Revolução, crise e resiliência: 35 anos da Constituição de 1988
21 de janeiro de 2024, 11h30
Aos 35 anos, completados em 5 de outubro de 2023, a Constituição de 1988 é indiscutivelmente longeva, não apenas superando em muito a duração das demais constituições brasileiras do Século XX, mas também se afastando robustamente da idade média das constituições mundiais (de 19 anos, segundo Zachary Elkins, Tom Ginsburg e James Melton)[1].

O grande paradoxo que parece assombrar a doutrina brasileira é como conciliar a longevidade da Constituição de 1988 com as frequentes crises que a assombram. Aliás, crise é certamente a tônica das celebrações acadêmicas aos 35 anos da Constituição, realizadas à sombra do 8 de janeiro e dos difíceis anos que o antecederam[2].
É mais ou menos consensual que o sistema constitucional brasileiro se encontra em algum tipo de crise há mais de uma década[3]. O marco inicial usualmente apontado são os protestos de junho de 2013, um presságio da insatisfação política que explodiria nos anos seguintes, e o ponto inicial das narrativas que procuram explicar a eleição de Jair Bolsonaro em 2018. Debate-se a existência de uma longa crise ou de múltiplas e distintas – ainda que relacionadas – crises. Mas mesmo entre os que adotam uma narrativa contínua há o reconhecimento de diferentes fases e momentos mais e menos agudos.
O fato é que é difícil conciliar tanta turbulência constitucional com longevidade. Tradicionalmente, as crises são tidas como os lugares em que as constituições nascem e morrem[4]. A Constituição, com a concepção moderna que nós conhecemos, é fruto da crise, da turbulência, da alternância de poder, do protesto, da mudança; a palavra é maior que crise – é revolução. As duas Revoluções são o berço do constitucionalismo moderno, a Francesa e a Americana, são responsáveis por estabelecer a conexão quase automática que fazemos entre as constituições e os recomeços políticos e sociais.

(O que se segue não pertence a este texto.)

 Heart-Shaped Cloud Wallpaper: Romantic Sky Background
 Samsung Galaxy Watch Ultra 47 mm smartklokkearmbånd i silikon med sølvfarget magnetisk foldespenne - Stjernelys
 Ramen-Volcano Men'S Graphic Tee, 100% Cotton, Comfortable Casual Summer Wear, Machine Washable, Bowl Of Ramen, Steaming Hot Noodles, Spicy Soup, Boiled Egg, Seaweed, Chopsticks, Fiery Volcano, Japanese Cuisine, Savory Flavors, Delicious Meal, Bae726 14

Mesmo em seus primeiros expoentes, no final do Século XVIII, o constitucionalismo que nascia na crise já se projetava para os períodos de normalidade política. As constituições foram concebidas com vocação de permanência, e destinadas, portanto, a perdurarem além do momento e da conjuntura da crise. Esse é, inclusive, um dos primeiros marcos do sucesso de uma Constituição – ser capaz de sobreviver e reger a vida política das gerações seguintes àquela que a concebeu[5].
Antes do início da longa crise constitucional atual, o Professor Oscar Vilhena Vieira cunhou o termo resiliência constitucional para nomear o fenômeno da duração da Constituição de 1988, que já era notável aos seus 25 anos[6]. Em suma, a ideia por trás da resiliência constitucional estava na capacidade da Constituição de 1988 de se atualizar, correspondendo às constantes mudanças e anseios sociais, sem com isso comprometer o seu cerne ou a sua identidade (“a palavra resiliência é empregada pela física para designar a propriedade de certos materiais de recobrar sua forma original, após serem submetidos por algum tempo, a deformação plástica”[7]). Para ele, portanto, a capacidade de adaptação da Constituição era a chave para o seu sucesso.

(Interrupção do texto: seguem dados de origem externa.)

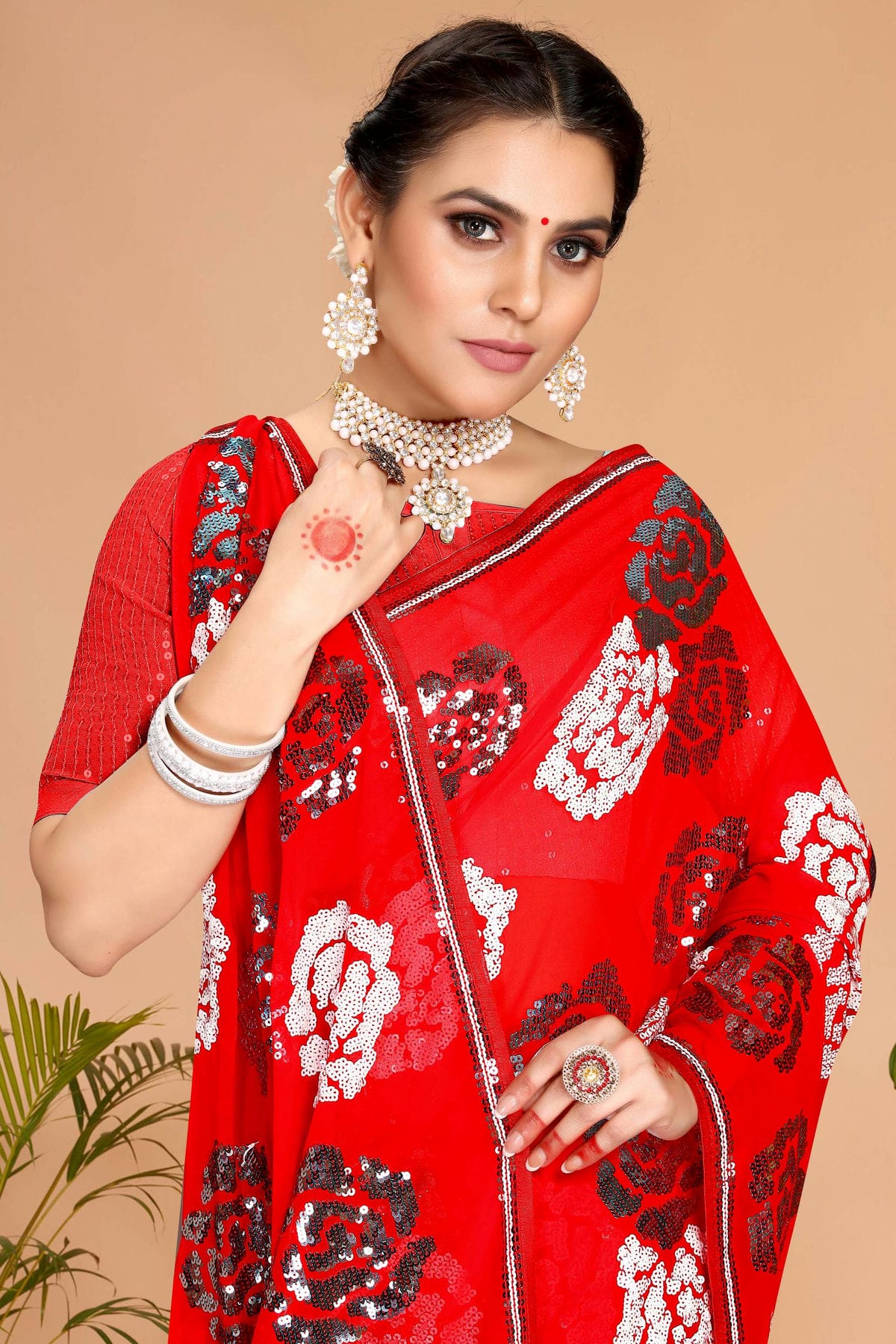 Red Colour Georgette Saree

Em um ensaio recente, Vieira revisitou o conceito de resiliência constitucional, à luz da conturbada última década de vida da Constituição de 1988, e concluiu que “os incentivos institucionais que favorecem a resiliência da Constituição, em sentido estrito, permanecem em funcionamento”[8]. Ponderou que, não obstante o inegável poder de erosão das crises da última década, a Constituição de 1988 sobreviveu, inclusive ao singular e agudo ataque do 8 de janeiro. E, na linha do conceito de resiliência que adotou em 2013, defendeu que a Constituição de 1988 se adaptou, mas não comprometeu seu cerne original.
É nesse ponto que Vieira se afasta dos críticos ao conceito de resiliência constitucional que foram, na mesma coletânea[9], convidados a destrinchar seu significado. No fio condutor dessas críticas, como as formuladas pelos Professores Rubens Glezer, Diego Werneck Arguelhes e Vera Karam de Chueiri, encontra-se a conclusão de que a longevidade da Constituição de 1988 não é sinônimo de sucesso.
Glezer sugere que a Constituição de 1988 se deteriorou ao ponto de ser justificável e até mesmo adequado a sua substituição, e atribui sua permanência a uma verdadeira inércia política de construir uma Carta mais adequada[10]; Arguelhes argui que a Constituição de 1988 sacrificou o seu cerne em prol da sobrevivência, e que o papel do STF se modificou de tal maneira que, embora seja ao menos parcialmente responsável pela sobrevivência do sistema constitucional de 1988, não mais segue a repartição de poderes e os limites ali sugeridos[11]; Chueiri, por fim, defende que a capacidade de adaptação da Constituição foi tão ampla que ela permitiu sua própria descontinuidade, afastando-se cada vez mais de sua identidade e tornando sua longevidade vazia de significado[12].
Essas e outras críticas são céticas quanto à possibilidade de conciliação entre o entrincheiramento de compromissos constitucionais e a capacidade de adaptação às mudanças sociais. Trata-se de um dos dilemas mais antigos do constitucionalismo[13], simplesmente exacerbado e acelerado pelo contexto de crise.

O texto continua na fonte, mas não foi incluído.